> STORED DATA:

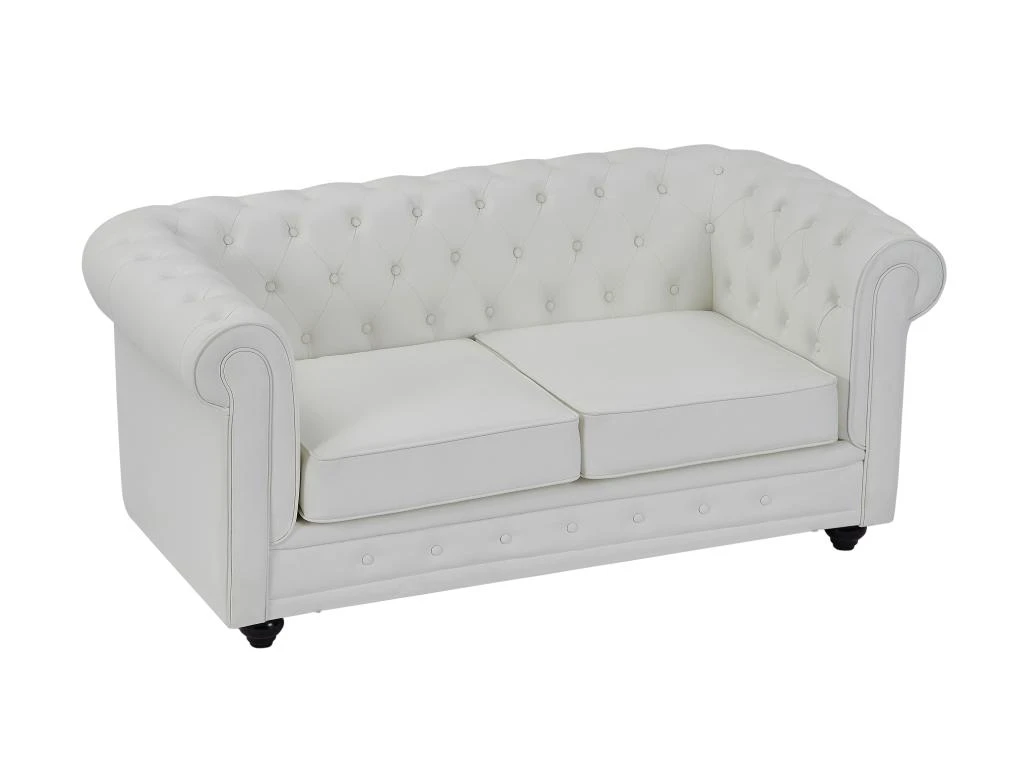 Canapé 2 Places En Simili Blanc CHESTERFIELD 2 Canapé 2 Places En Simili Blanc CHESTERFIELD – Image 2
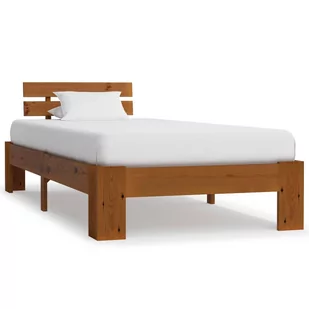 vidaXL Rama łóżka, miodowy brąz, lite drewno sosnowe, 90 x 200 cm - Łóżka - miniaturka - grafika 1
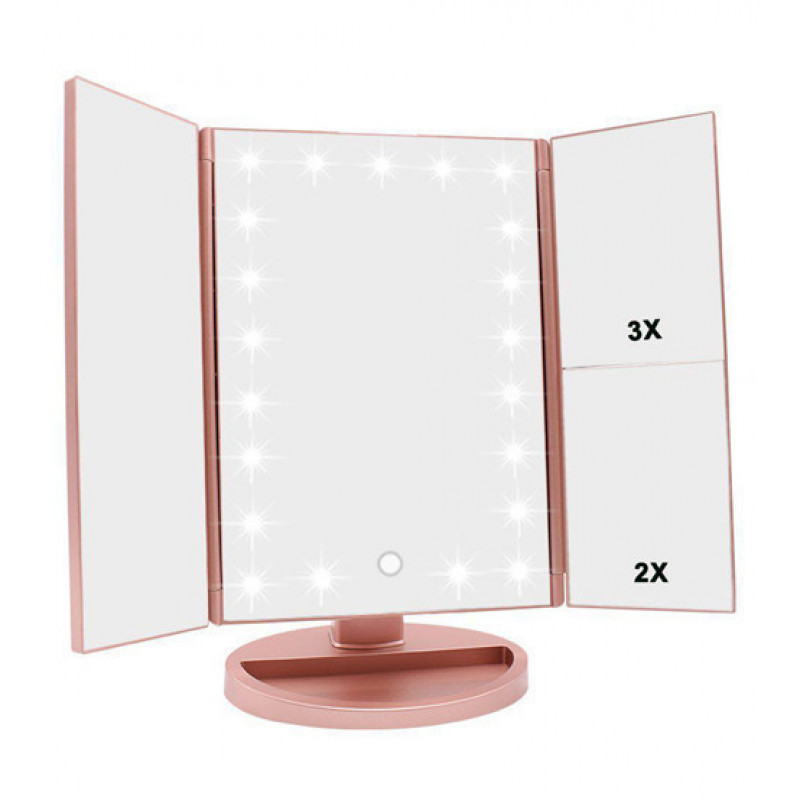 Зеркало с подсветкой MAGIC MAKEUP MIRROR тройное 22 LED фото - 5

> WORK ORDER: Reproduce the data above exactly, leaving each picture out.

> RESPONSE TO THE TASK:
 Canapé 2 Places En Simili Blanc CHESTERFIELD 2 Canapé 2 Places En Simili Blanc CHESTERFIELD – Image 2
 vidaXL Rama łóżka, miodowy brąz, lite drewno sosnowe, 90 x 200 cm - Łóżka - miniaturka - grafika 1
 Зеркало с подсветкой MAGIC MAKEUP MIRROR тройное 22 LED фото - 5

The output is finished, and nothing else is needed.